It was an ambitious title – ‘On Photography’! Whole books, whole courses and whole careers have been devoted to uncovering the different facets of photography. Tonight’s speaker, Mike Farley LRPS, drew on a lifetime of engagement with photography as a hobby and his knowledge, expertise and enjoyment strongly shone through. He is a near neighbour – currently chair of Croydon Camera Club.
When asked about his presentation, Mike said: ‘Of all my presentations, this is the most personal as I speak about my own motivations and challenges in my approach to photography. The idea is to encourage the audience to think about their interests and reasons for participating in photography. The reason I created the lecture is that this is an aspect of our craft that does not get talked about much and I now know why. It took several years of reflection and more hours of writing than I could have imagined at the outset.’

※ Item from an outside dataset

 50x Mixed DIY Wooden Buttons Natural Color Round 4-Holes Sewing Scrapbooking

One of the key things about photography, he said, was that you should have fun. You should discover your preferences and enjoy what you’re doing. If you start dreading entering competitions, because you get so dispirited or angry at what judges say, take a break from competitions. Ultimately, as amateur photographers, we are shooting for ourselves, not just to please others. Though, of course, if we are keen to make other people think that we’re good photographers we should only show them our best images!
Illuminating quotes peppered the presentation, from people reflecting on photography at various stages in its history, including David Hockney’s controversial observation that: ‘I’ve finally figured out what’s wrong with photography. It’s a one-eyed man looking through a little ‘ole. Now, how much reality can there be in that?’ Of course, Hockney was mistaken – not just in terms of gender-stereotyping of photographers, but also in casting aspersions on photography’s relationship with reality. As Mike pointed out, one definition of a photographer is ‘someone wanting to show the world as they see it’ – at least in terms of their ‘reality’. I liked the way in which Mike didn’t prescribe ‘What is a photographer’ and gave us different suggestions, so that we could make up our own minds – such as, ‘someone who waits for the light’ and ‘someone who instinctively looks for photographs, even without a camera’.

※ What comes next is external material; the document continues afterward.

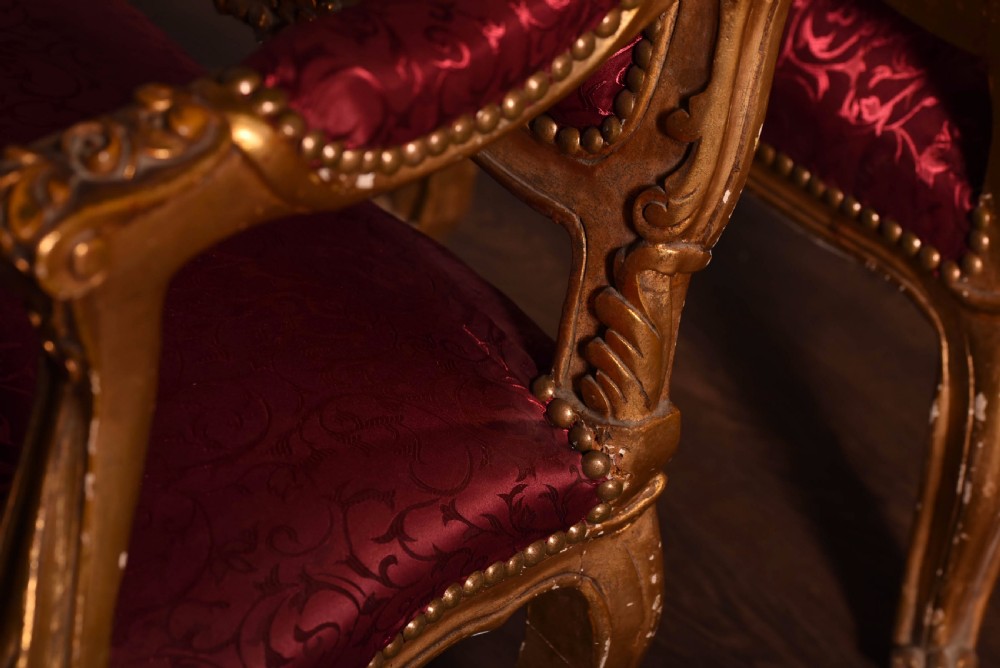 Stunning pair of carved gilt wood arm chairs  View XI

Many will have appreciated the candour and honesty with which Mike described the difficulties that sometimes haunt photographers, himself included, such as ‘bad days’ and ‘fallow periods’. He encouraged us not to stress and to accept that some days are definitely better than others, in terms of our photography. Good photos often rely on chance and complete originality is well nigh impossible. Self-doubt is normal and we need to face up honestly to times of discouragement and recognise our need to reflect and periodically take stock. One way, he suggested, of restimulating our interest in photography is to try out a new technique. Personally, he had enjoyed experimenting with ‘Day Night Exposure’ – taking long exposures at night that initially look as if they have been taken in daylight, but on closer inspection reveal a star-lit sky. If you want to try this technique out yourself, try using ISO 800, f4, 30 seconds, a tripod, a dark sky and clear sky and moonlight.
Mike began his talk by showing a variety of his own images, covering a variety of genres, and later concluded his talk by again showcasing some of his images – this time to demonstrate how others have varied in their perception of his images.
This was a very thought-provoking evening. Mike had distilled his long experience of photography and had done what he was encouraging us to do: take stock of where you are now, understand what motivates you, discover the joys of photography and find out how you can keep developing as a photographer.